Nanosecond Laser Ablation-Multicollector Inductively Coupled Plasma-Mass Spectrometry for in Situ Fe Isotopic Analysis of Micrometeorites: Application to Micrometer-Sized Glassy Cosmic Spherules

Abstract

This work evaluates the use of nanosecond laser ablation-multicollector inductively coupled plasma-mass spectrometry (ns-LA-MC-ICP-MS) for Fe isotopic analysis of glassy cosmic spherules. Several protocols for data acquisition from the transient signals were compared, with the integration method, i.e., isotope ratios obtained by dividing the corresponding signal intensities integrated over the selected signal segment, providing the best precision. The bias caused by instrumental mass discrimination was corrected for by a combination of internal correction using Ni as an internal standard (coming from a conebulized standard solution) and external correction using a matrix-matched standard.

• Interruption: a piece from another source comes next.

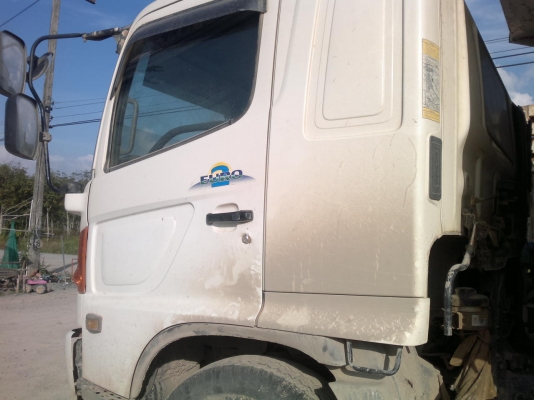 รถฮีโน่ 10 ล้อดั๊ม  260 แรงม้า ปี 49 ( ขายแม่ลูก  ห่าง ปี 51 )  สนใจติดต่อ 0816079515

Laser spot size and repetition rate were adapted to match the signal intensities for sample and standard within ±10%. For in situ isotopic analysis, the precision of the δ⁵⁶Fe values ranged between 0.02 and 0.11‰ (1 SD, based on 4 measurement sessions, each based on ablation along 5 lines for 30 s each) and 0.03-0.17‰ (SD, based on 3 measurement sessions) for glass reference materials and micrometeorites, respectively. Despite this excellent reproducibility, the variation of the isotope ratios along a single ablation line indicated isotopic inhomogeneity exceeding 1‰ in some micrometeorites. Isotopic analysis via pneumatic nebulization MC-ICP-MS, after sample digestion and chromatographic Fe isolation, was performed to validate the results obtained by in situ isotopic analysis, and good agreement was achieved between the δ-values obtained via both approaches and with those reported in literature for MPI-DING and USGS glass reference materials. Also for the glassy cosmic spherules, overall, there was a good match between the ns-LA-MC-ICP-MS and solution MC-ICP-MS results.